The same is true about not scheduling a test on Good Friday. On the one hand, you’re acting pragmatically, but on the other hand, you’re basically telling the students "Practicing your religion is a valid excuse to miss miss my class (and I get the impression that if you did have a test on Good Friday, and students missed it for religious reasons, you’d let them have a makeup test).
My daughter’s boyfriend got an Eagle, and he didn’t do it. It’s kind of an odd thing. We were silent for most of a day for the Order of the Arrow ordeal, but that was in camp, not in school.
I think being silent in class is much more effective than staying home. First of all it drives the point across, without doing something that might be appealing for the kid.
I got a question - is texting allowed? If yes, lots of kids would hardly notice they were silent.
And hats off to Doper teachers for being so receptive.
Could I have a cite that he was defrocked? Since we agree that bearing false witness is a sin, I would hope that care would be taken not to engage in it.
As far as I know, he left the pastoral ministry to start the National Federation for Decency (which is the precursor of the AFA). I’ve never seen a cite that he was defrocked.
That’s why I said “I believe” – I had read that he had been, for refusal to pastor a charge instead of carrying out his “ministry,” but not from a reliable source. So I echoed it as an allegation I was not positive of but gave initial presumption of accuracy to.
If you have information one way or the other, I’d like to know for sure.
Let me get this straight. If it’s a “minute of silence”, then the atheists get all bent out of shape. But if it’s a “day of silence”, then the Christians get all bent out of shape. :dubious:
They’re not the only ones who feel that way, unfortunately. The Charlotte(NC)-Mecklenburg County school system just passed an anti-bullying policy that was opposed by “Christian conservatives.” (The article’s words.)
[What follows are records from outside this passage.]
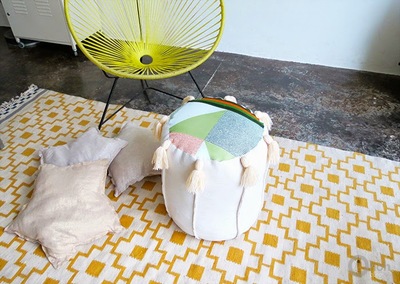 Recycled Pouf Chair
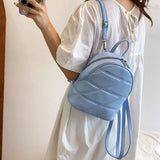 Women's Leather Jelly Shoulder Backpack Student Schoolbag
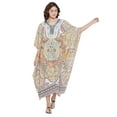 thumbnail image 2 of Robe Kaftan Longue Décontractée Ample à Manches Kimono pour Femmes Grande Taille, Tenue de Villégiature, Robe de Soirée, Fête, Été, Plage, Couvre-Maillot, 2 of 6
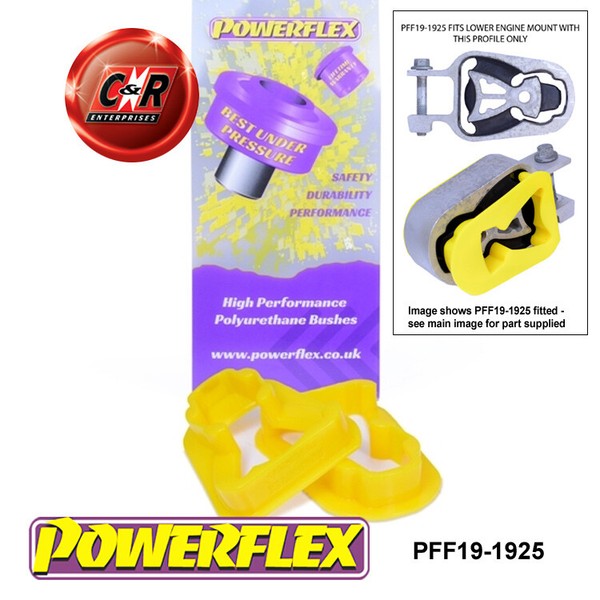 Powerflex Unterer Motorlager Einlage FüR Volvo S60 Awd (2010-2018) PFF19-1925-image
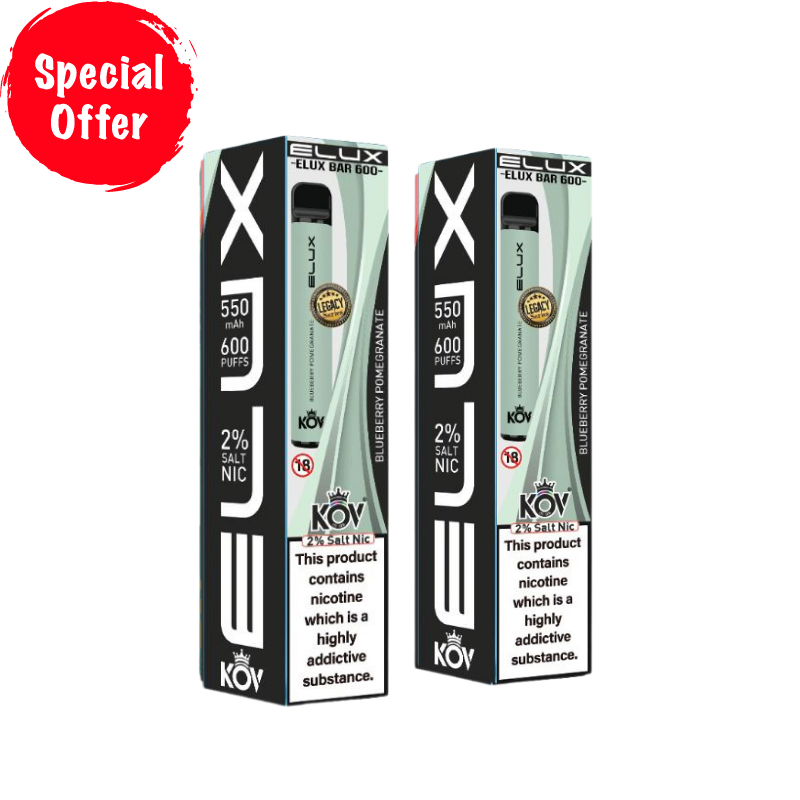 Blueberry Pomegranate By Elux Bar Disposable Vape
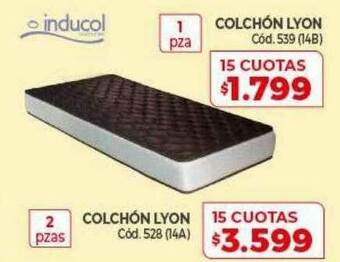 Naldo Lombardi Inducol Colchón Lyon oferta
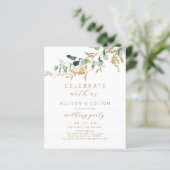 Rustige eucalyptus greenery boho (Staand voorkant)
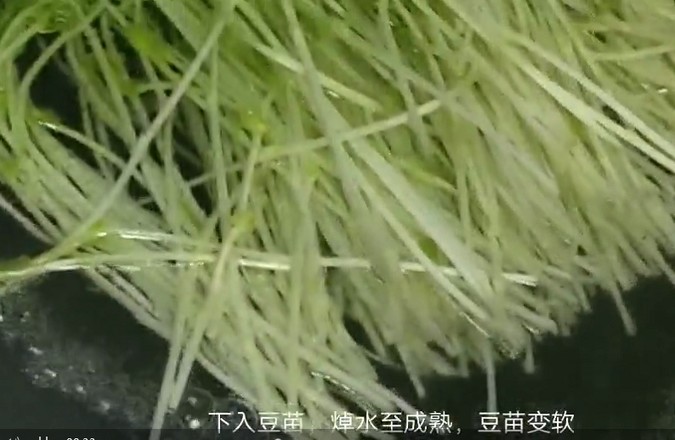 家常拌豆苗的做法-咸鮮味拌菜譜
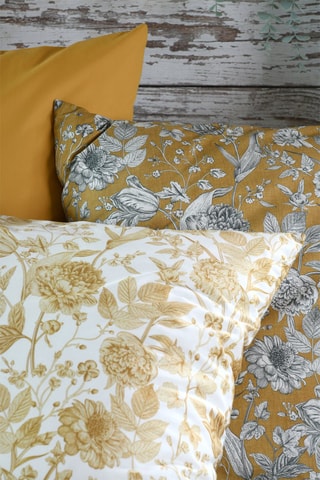 Taie d'oreiller en coton  78 fils/cm² Jacinthe - Blanc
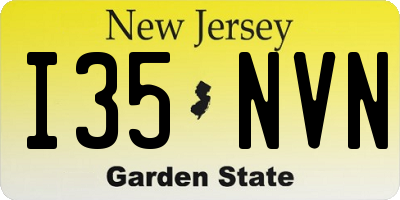 NJ license plate I35NVN
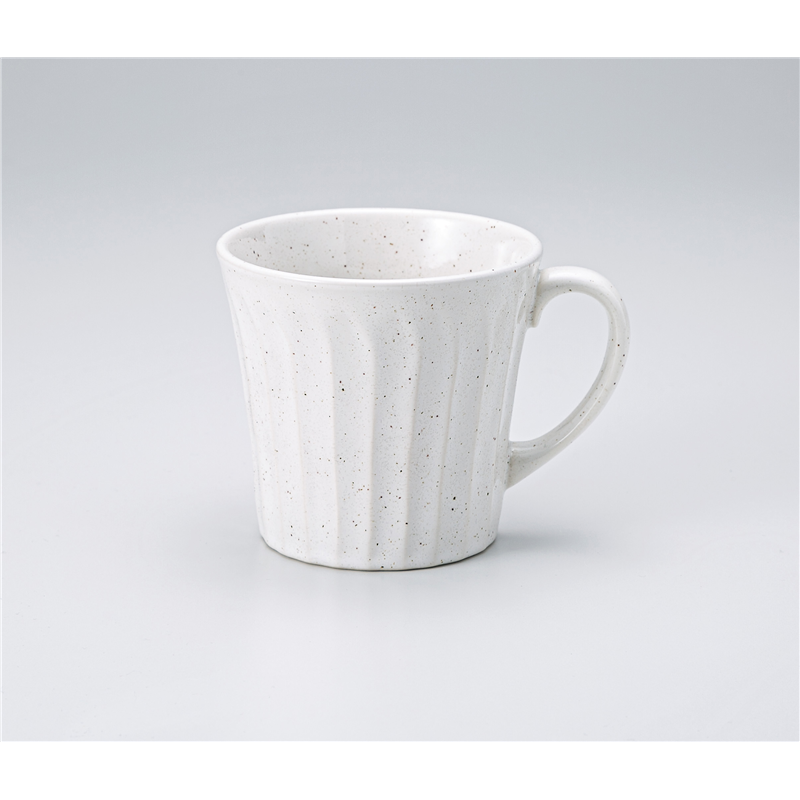 古林陶器 マグ MINOソギマグ ホワイト 1354030201 1個（ご注文単位1個）【直送品】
The opposing view seems to be, let the bullies alone, they’re keeping kids from turning gay. :rolleyes:
ETA: Meant to emphasize that the CMS board passed the policy at least.
Or you could send your kid to school and instruct him/her to giggle, jabber and scream into their cellphone non-stop.
Except it’d be hard to distinguish that sort of protest from a typical day at school.
Now that the AFA has ceased its boycott of Ford for Promoting the Homosexual Agenda, I’m glad to note that we bought our Ford while the company was still Evil.
Last year, some of my kids at work participated in the Day of Silence. While at school, they only answered direct teacher questions (apparently this was what the school would permit, which is really the point of this post). When they got to work, they tried not to talk at all. Yeah. Not gonna work in customer service jobs, eh?
No well-known Christian/conservative person or group got into that. In fact, at the time that story was raging along, Falwell, through the Moral Majority newspaper, and Robertson, on The 700 Club, both debunked it.
Also, the Amway Corp. debunked it but P&G traced promotion (tho not origin) of the story to some Amway distributors and sued them for defamation.
The committee (Church and Society) recommended non-concurrence by a vote of 86-0, with the Plenary upholding that by a vote of 864-44. The fact that the UMC still refers to him as “Rev” indicates to me that he hasn’t be defrocked.